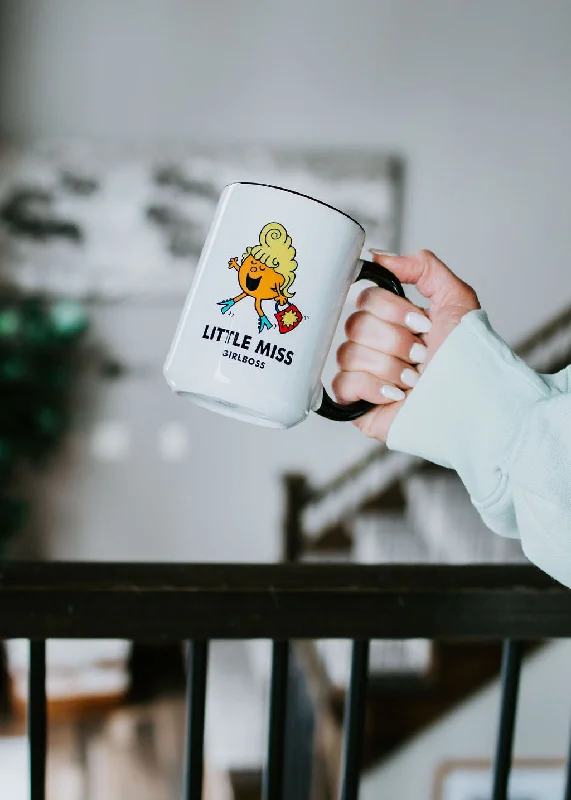 Little Miss Girlboss Mug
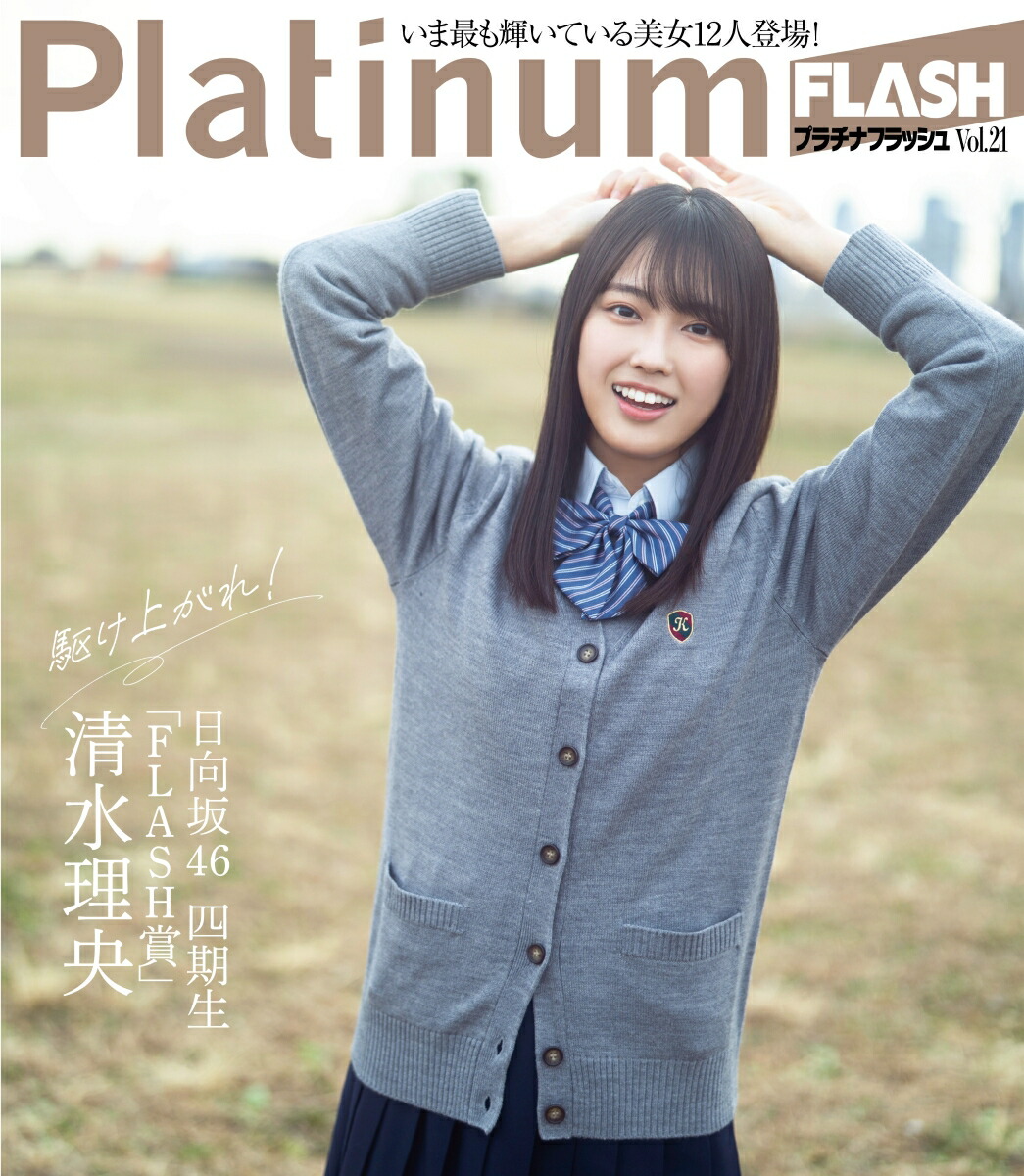 PlatinumFLASHVol��21�ʸ�ʸ�ҥ֥å�����[���󥿥ƥ�������Խ���]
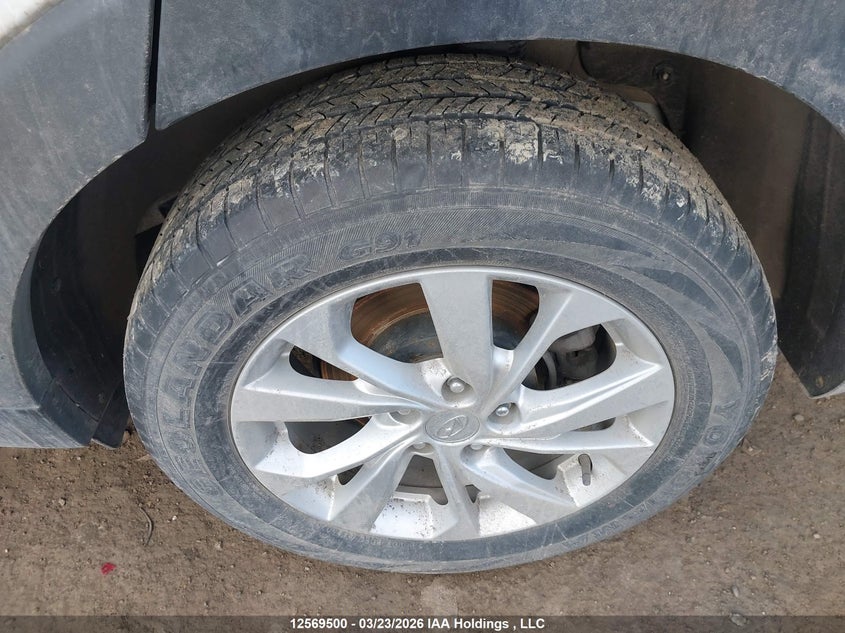 2021 Hyundai Tucson Limited/Sel/Sport/Ultimate/Value VIN: KM8J3CA4XMU324954 Lot: 12569500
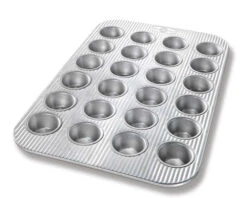 USA Pan 24-Cup Mini Muffin Pan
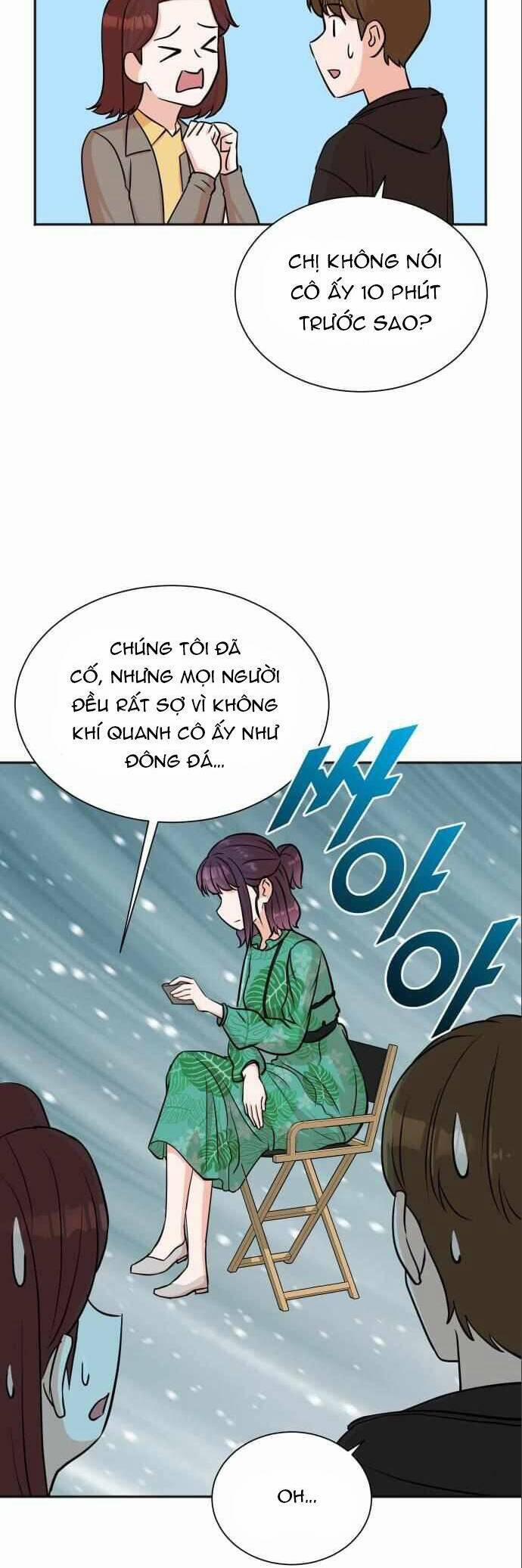 Cuộc Sống Thứ Hai Của Nhà Sản Xuất 37 trang 10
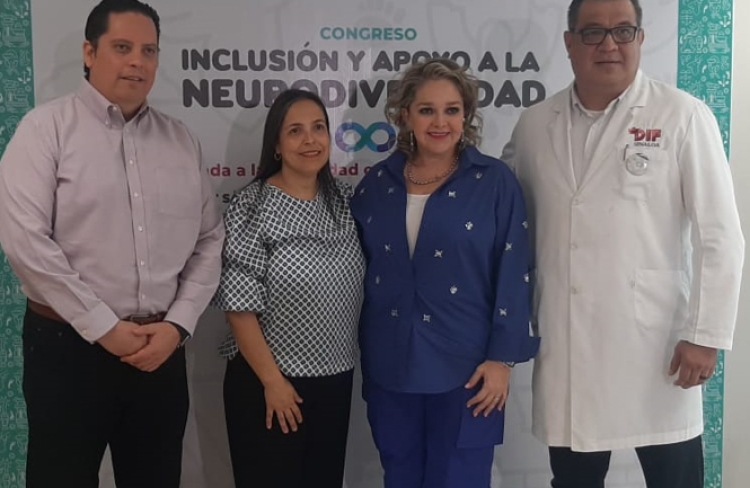 El autismo, un espectro en aumento; se incorporan a la atenci&oacute;n del CAS otros 300 ni&ntilde;os: Eneyda Rocha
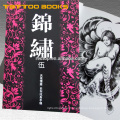 New Design stencil Tattoo Book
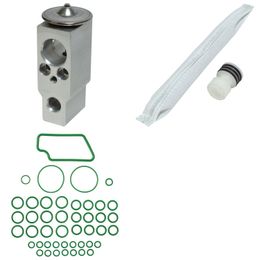 UAC-AK2858, Universal Air Conditioner Air Conditioning Repair Kits for 2016-2018 YARIS - AK 2858 في الإمارات, دبي. Condition - new. Price 190 AED. Photo, seller contacts | AUTO.AE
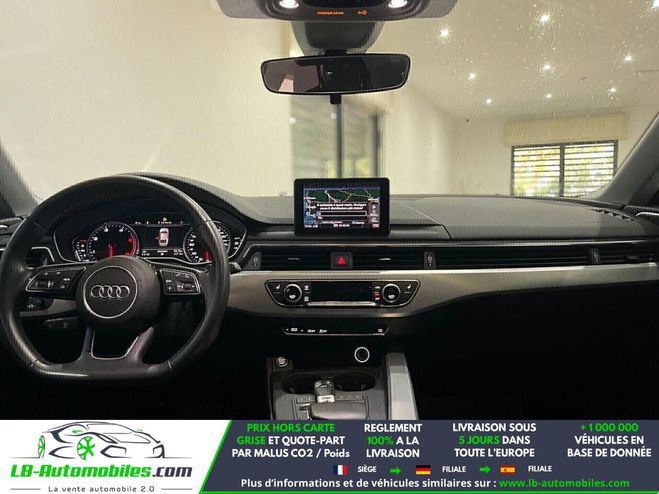 Audi A5 TDI 190 BVA Noir de 2018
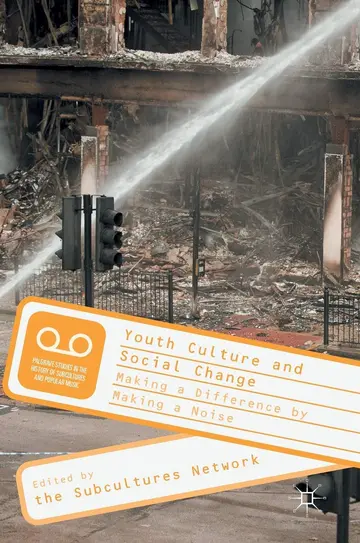 Cover of Youth Culture and Social Change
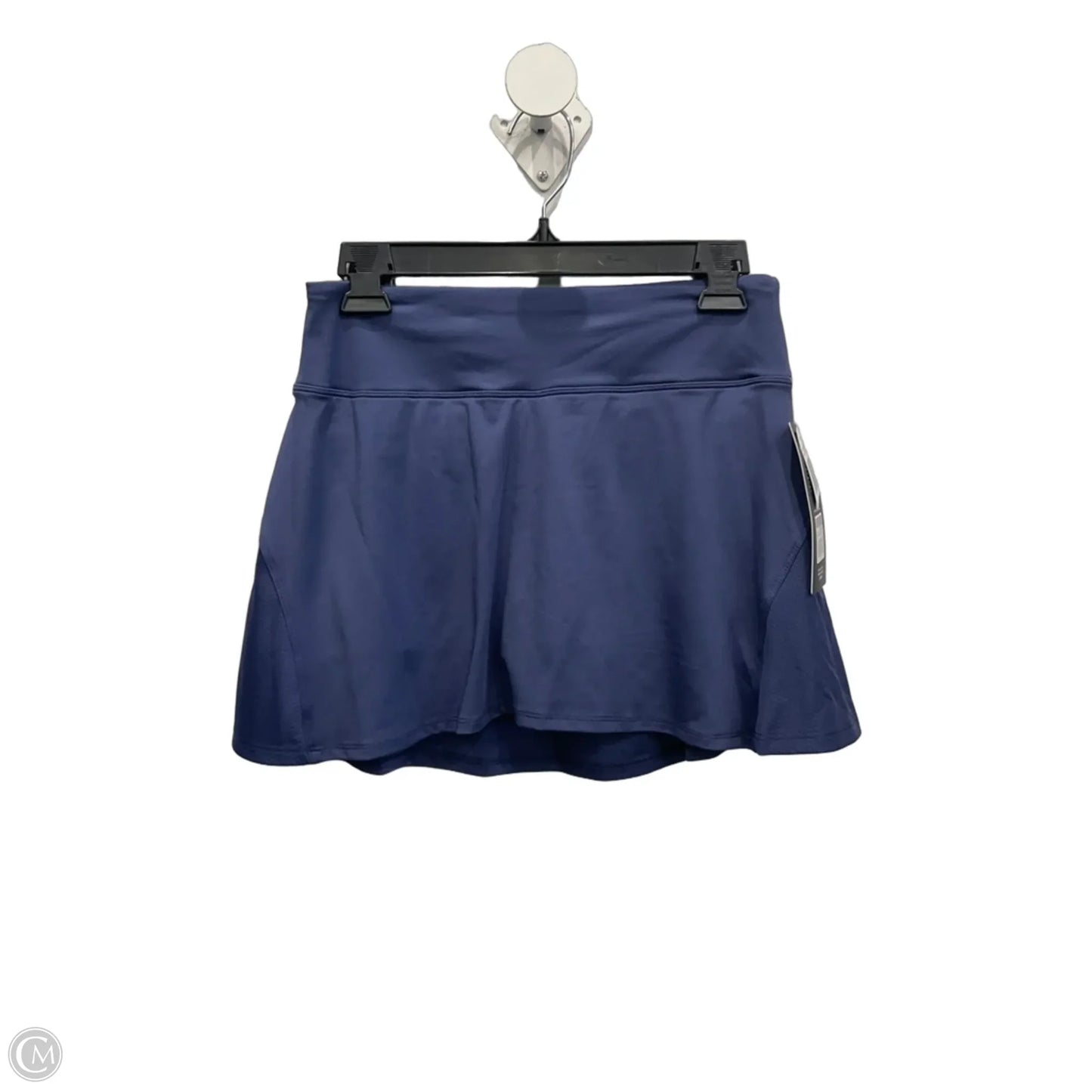 Athletic Skort By Marika In Blue, Size: M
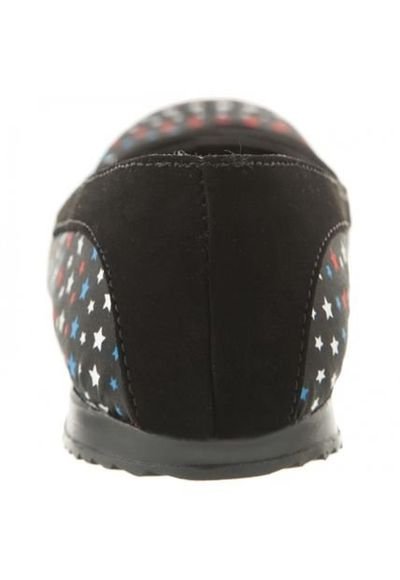 Baletas 74 Seventy 4 Degrees Negro Multicolor Compra Ahora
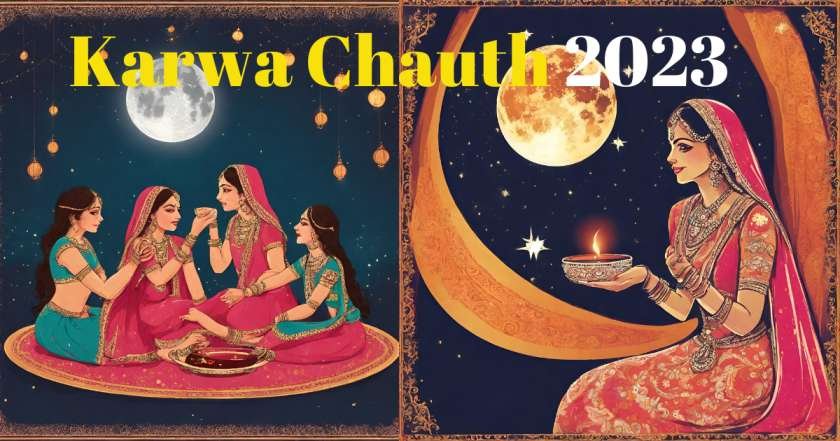 Karwa Chauth 2023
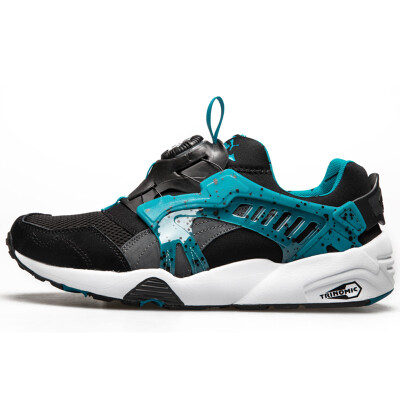Puma PUMA классическая тарелка кроссовки DISC TRINOMIC BLAZE358135 03 черный / черный серый / синий 42.5
Puma PUMA классическая тарелка кроссовки DISC TRINOMIC BLAZE358135 03 черный / черный серый / синий 42.5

○ ○ ○ ○ ○

▶ **What you will do**: Your reply should hold only the lines running from the one with "Cuộc Sống Thứ" to the end of the data above, set down exactly, pictures omitted.

▶ **Solution**:
 Cuộc Sống Thứ Hai Của Nhà Sản Xuất 37 trang 10
 El autismo, un espectro en aumento; se incorporan a la atenci&oacute;n del CAS otros 300 ni&ntilde;os: Eneyda Rocha
 New Design stencil Tattoo Book
 UAC-AK2858, Universal Air Conditioner Air Conditioning Repair Kits for 2016-2018 YARIS - AK 2858 في الإمارات, دبي. Condition - new. Price 190 AED. Photo, seller contacts | AUTO.AE
 Audi A5 TDI 190 BVA Noir de 2018
 Cover of Youth Culture and Social Change
 Athletic Skort By Marika In Blue, Size: M
 Baletas 74 Seventy 4 Degrees Negro Multicolor Compra Ahora
 Karwa Chauth 2023
Puma PUMA классическая тарелка кроссовки DISC TRINOMIC BLAZE358135 03 черный / черный серый / синий 42.5
Puma PUMA классическая тарелка кроссовки DISC TRINOMIC BLAZE358135 03 черный / черный серый / синий 42.5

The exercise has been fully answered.